At least you would want to keep playing with the guys you've matched with; the rest of your clan or whatever. At best, you'd like to keep playing from exactly the point of the "failure" without noticing any hiccup (good luck). The steps to get session host migration/fail over to a new simulator:
- Restablish network interconnection
- Pick a new master simulator
- Coordinate with the Live Service about who is the master (or do this first)
- Have the entity data already there, or somehow gather it
- Convert replicated entities in to real owned/master entities
- Reestablish interest subscriptions, or whatever distributed configuration settings are needed
- To reconnect, someone needs the complete list of IP/ports used by the players. But that is consider a security issue. E.g. someone could use that info to DOS attack an opponent. Let's assume the Live Service renegotiates and handshakes your way back into business.
- If you aren't connected, how do you elect a new master? If you don't have a master yet, how would all the clients (in a strict client/server network topology) know who to connect to? So the answer has to be precomputed. E.g. designate a backup simulator before there is a fault (maybe the earliest joiner, lowest ip address...)
- If your game session service supports this, it can solve both of the previous issues by exposing IP addresses only to the master simulator, and since it has a fixed network address, each client can always make a connection to it and be told who is the new master.
- If the authoritative data is lost on the fault, you may as well restart the level, go back to the lobby or whatever. So instead, you have to send the entity state data to the backup simulator(s) as you go. This is actually more data than is necessary to exchange for an online game that is not fault tolerant, since you'd have to send hidden and possibly temporary data for master Entities. Otherwise you couldn't completely reconstruct the dead Entities. There may be data that only existed on the master, so gathering it from the remaining clients isn't going to be a great solution. Spreading the responsibility is that much more complicated.
- So the backup master starts converting replicated Entities into authoritative Entities. Any Entities it didn't know about couldn't get recreated, so the backup master has to have a full set of Entities. Think about the bandwidth of that. You should really want this feature before just building it. Now we hit a hard problem. If the Entities being recreated had in-flight Behaviors (e.g. you were using coroutines to model behavior), they can't be reconstructed. It is prohibitively expensive to continuously replicate the Behavior execution context. So you wind up "resetting" the Entities, and hoping their OnRecreate behavior can get it running again. You may have a self-driven Behavior that reschedules itself periodically. Something has to restart that sequence. Another thing to worry about: did the backup simulator have a truly-consistent image of the entity states, or was anything missing or out of order? At best this is an approximation of the state on the original session host.
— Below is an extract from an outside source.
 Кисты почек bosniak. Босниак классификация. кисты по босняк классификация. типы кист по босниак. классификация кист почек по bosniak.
- Unless you are broadcasting all state everywhere, you are going to have to redo interest management subscriptions to realize bandwidth limitation. This is like a whole bunch of late-joining clients coming in. They would get a new copy of each entity state. Big flurry of messages, especially if you do this naively.
- Now you are ready to go. Notify the players, give them a count-down...FIRE!
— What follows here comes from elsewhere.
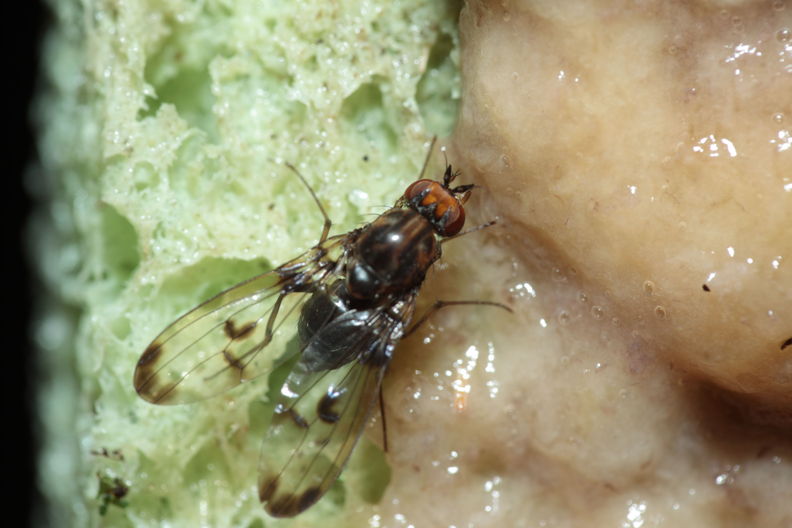 Drosophila silvestris Kukuiopae 3447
Note that the problem gets a lot easier if all you support is clean handoff from a running master to the new master. Would that be good enough for your game.
So is it worth the complexity, the continuous extra bandwidth and load on the backup simulator? Just to get an approximate recreation? With enough work, and game design tweaking, you could probably get something acceptable. Maybe give everyone a flash-bang to mask any error.
Or maybe you just reset the level, or go back to the lobby to vote on the next map. And put the bad player on your ban list.
Me? I'd probably instead invest the time of my network and simulator guys in something else, like smoothness, fun gameplay, voice, performance. Or ship earlier.